● **EXERCISE INSTRUCTIONS**: Which lines run from the one containing "Коттедж 361м², 3-этажный, участок 9 сот." through the last line of the records? Copy them exactly, leaving pictures out.

*** DATA ***

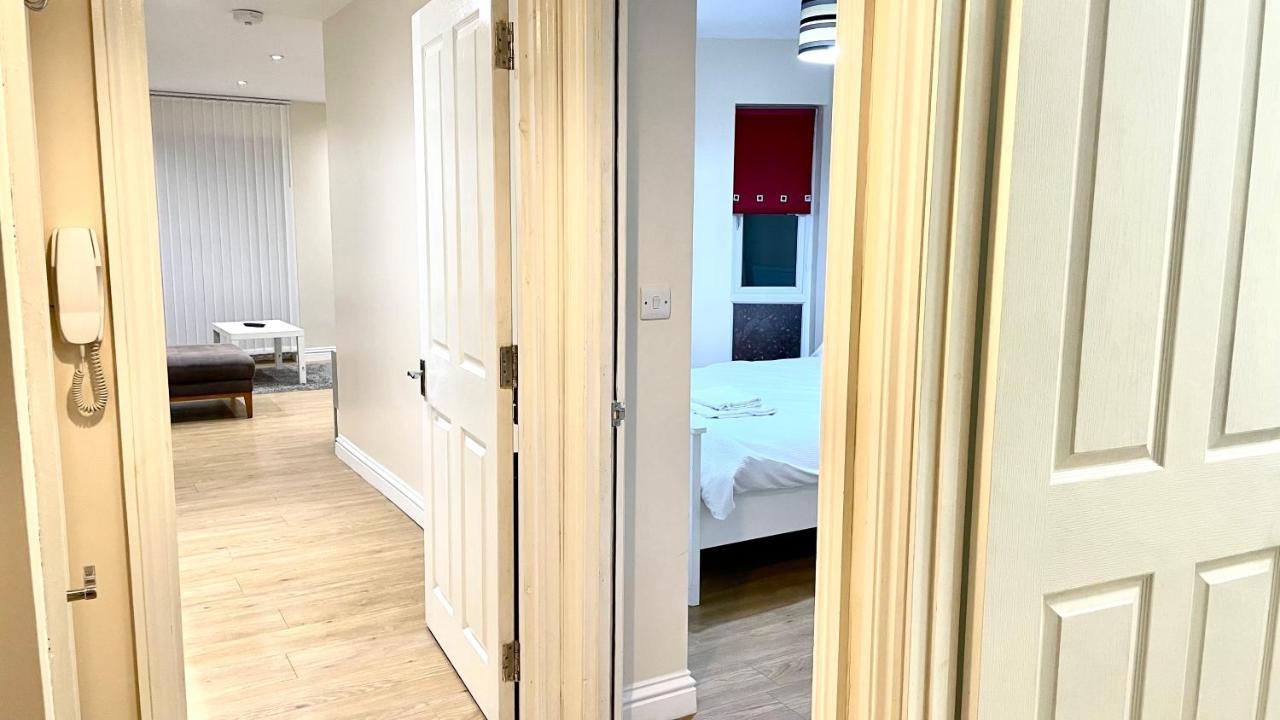 Holiday Flat In Central Slough Near To London Heathrow And Windsor With Free Car Park Ngoại thất bức ảnh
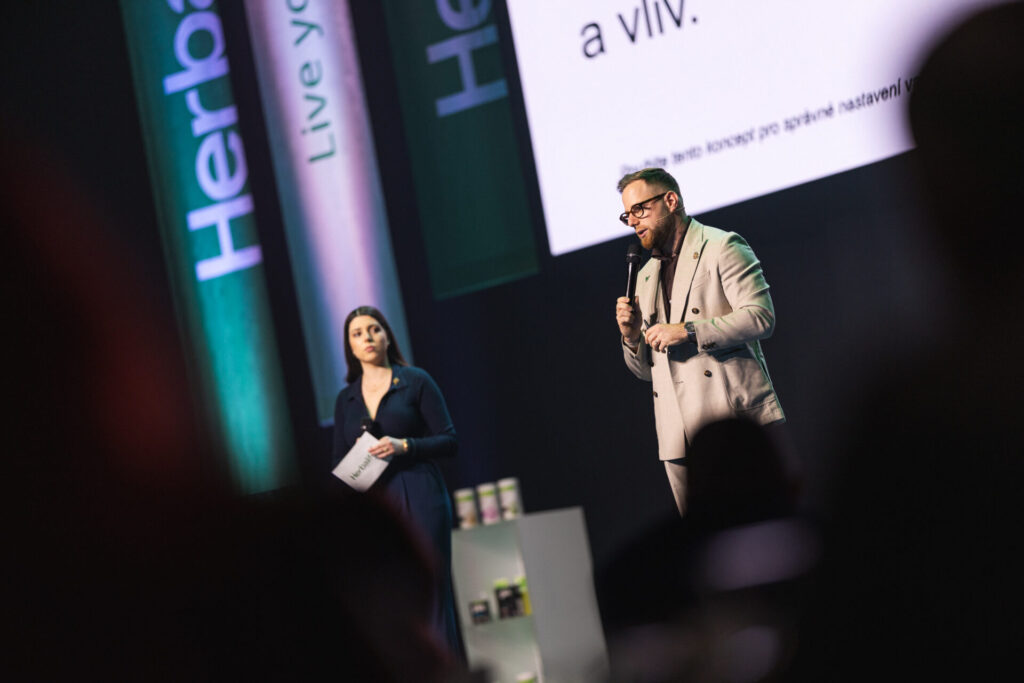 MLV.sk_herbalife_spectacular_2025_konferencia_LED_obrazovka_grafika_animacia_rezia_strih_kamier_svetla_zvuk_stage_magament_hostesing_catering_branding_aftermovie_eventova_fotoprodukcia (21)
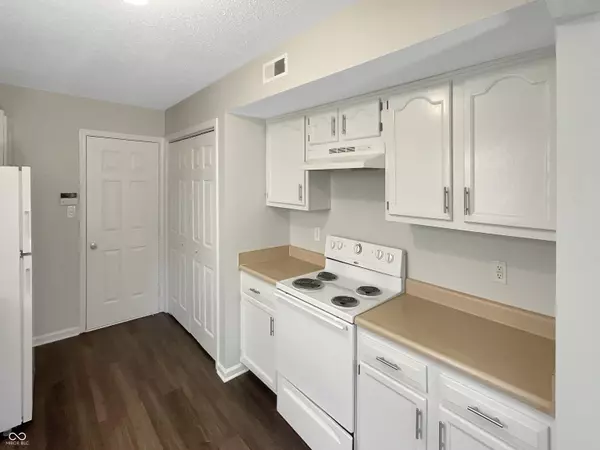 Indianapolis, IN 46235,3937 Candle Berry DR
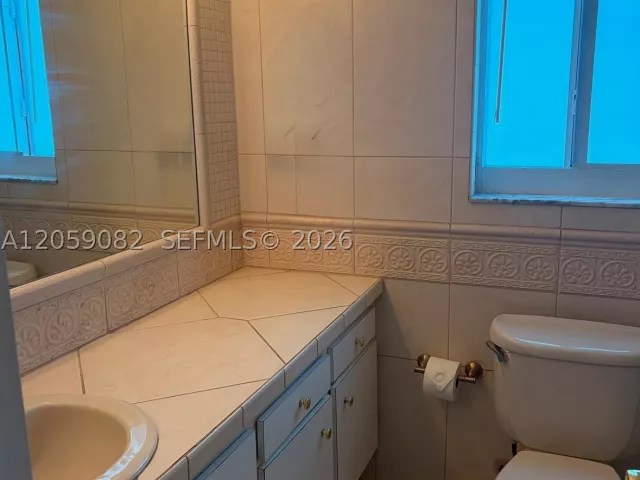 Продажа дома по адресу 1760 SW 12th St - фото 8924515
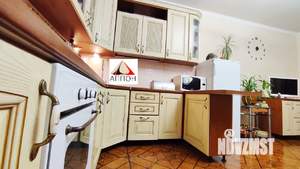 Коттедж 361м², 3-этажный, участок 9 сот.  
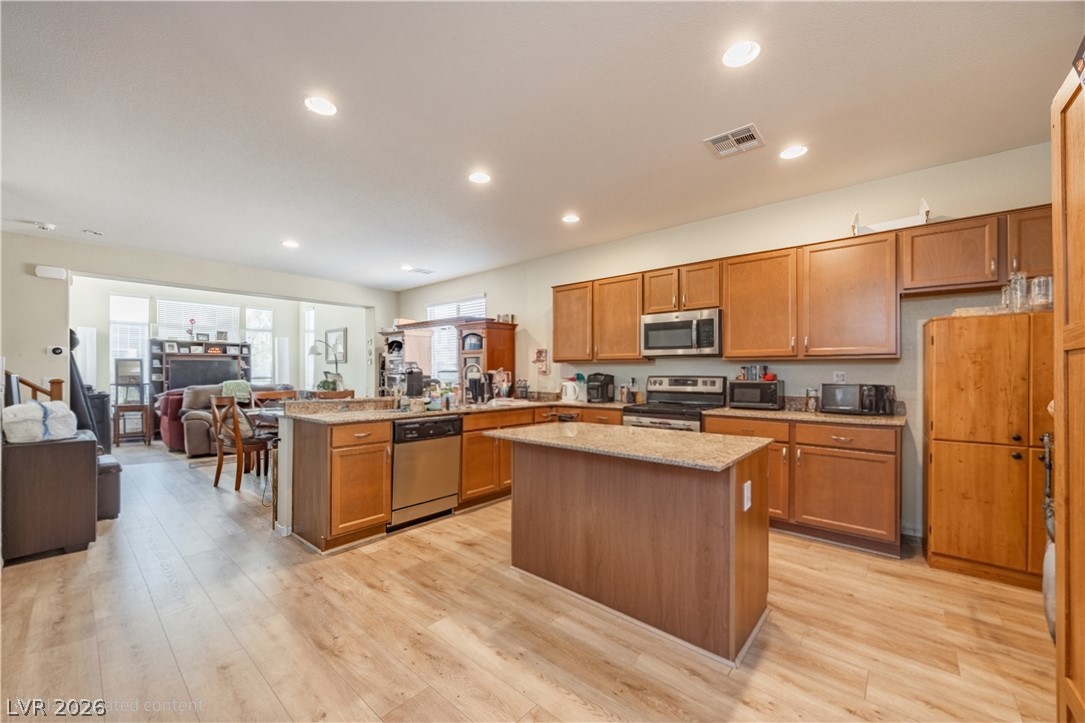 223 Heathrow Lake Avenue Property Photo 7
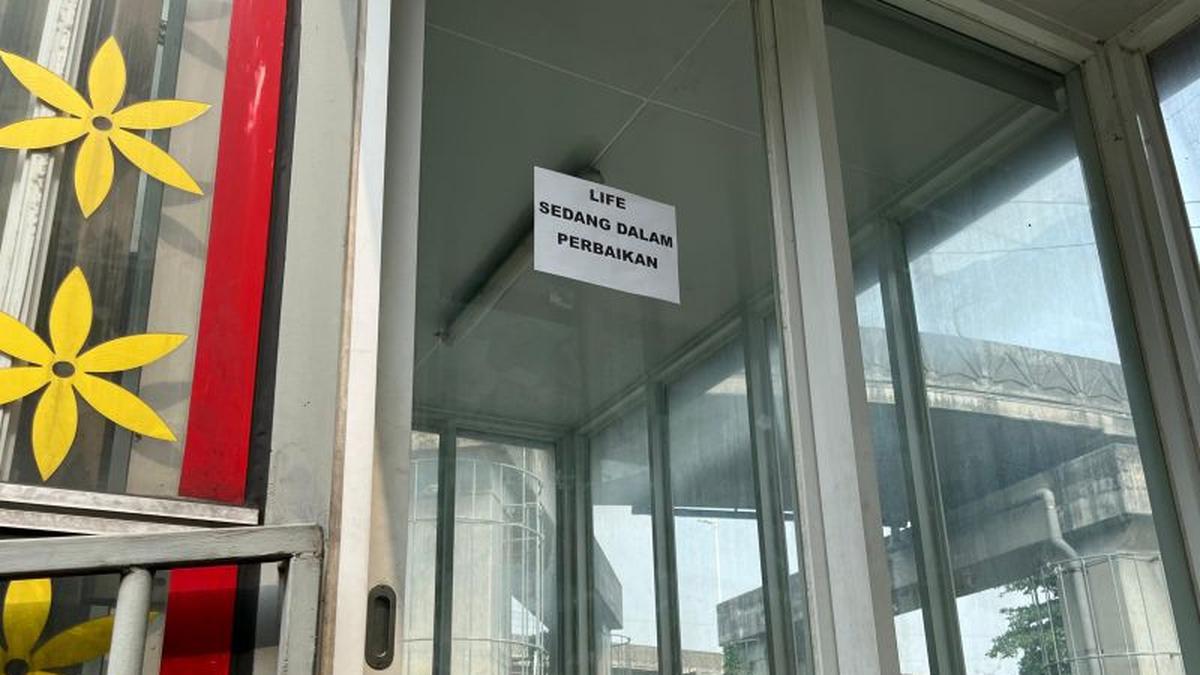 Lift JPO Lenteng Agung Rusak Diprotes Warga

*** End of DATA ***

● **ANSWER SECTION**:
 Коттедж 361м², 3-этажный, участок 9 сот.  
 223 Heathrow Lake Avenue Property Photo 7
 Lift JPO Lenteng Agung Rusak Diprotes Warga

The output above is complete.